For contrast/comparison: The HTML5 spec does not way what to do when a hardware video decoder fails, but there is a generic mechanism for reporting decode errors:
  MEDIA_ERR_DECODE (numeric value 3)
    An error of some description occurred while decoding the media resource, after the resource was established to be usable.

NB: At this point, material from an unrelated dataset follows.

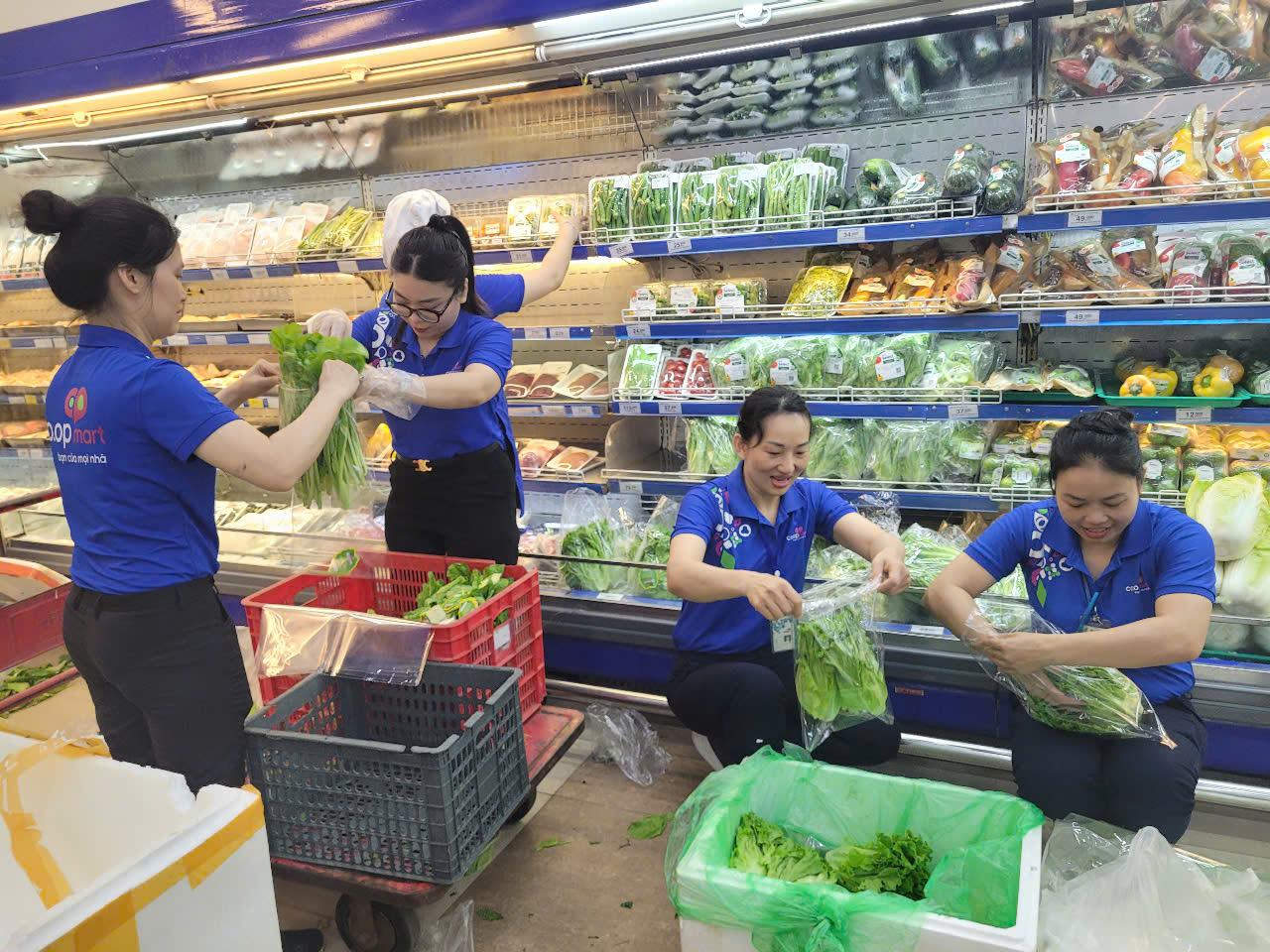 Co.opmart đảm bảo nguồn hàng ổn định và hỗ trợ cộng đồng an toàn vượt bão- Ảnh 1. Co.opmart đảm bảo nguồn hàng ổn định và hỗ trợ cộng đồng an toàn vượt bão- Ảnh 1.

We may want to identify a similar mechanism. For example, maybe the first paragraph of the Session Close algorithm section should be broadened. The Encrypted Block Encountered algorithm should already cover the behavior resulting from the keys being unavailable.
Comment 5 Glenn Adams 2014-10-15 23:36:14 UTC
(In reply to David Dorwin from comment #4)
> This might be better phrased as "when the CDM fails or becomes
> unresponsive." Since the CDM is a separate entity in the spec and many
> implementations, this could be a real possibility. This should also cover
> cases where the "context" is lost, such as on some mobile platforms when the
> device goes to sleep.
> 
> For contrast/comparison: The HTML5 spec does not way what to do when a
> hardware video decoder fails, but there is a generic mechanism for reporting
> decode errors:
>   MEDIA_ERR_DECODE (numeric value 3)
>     An error of some description occurred while decoding the media resource,
> after the resource was established to be usable.
> 
> We may want to identify a similar mechanism. For example, maybe the first
> paragraph of the Session Close algorithm section should be broadened. The
> Encrypted Block Encountered algorithm should already cover the behavior
> resulting from the keys being unavailable.

that sounds reasonable
Comment 6 Joe Steele 2014-10-17 01:01:21 UTC
(In reply to David Dorwin from comment #4)
> This might be better phrased as "when the CDM fails or becomes
> unresponsive." Since the CDM is a separate entity in the spec and many
> implementations, this could be a real possibility. This should also cover
> cases where the "context" is lost, such as on some mobile platforms when the
> device goes to sleep.
> 
> For contrast/comparison: The HTML5 spec does not say what to do when a
> hardware video decoder fails, but there is a generic mechanism for reporting
> decode errors:
>   MEDIA_ERR_DECODE (numeric value 3)
>     An error of some description occurred while decoding the media resource,
> after the resource was established to be usable.
> 
> We may want to identify a similar mechanism. For example, maybe the first
> paragraph of the Session Close algorithm section should be broadened. The
> Encrypted Block Encountered algorithm should already cover the behavior
> resulting from the keys being unavailable.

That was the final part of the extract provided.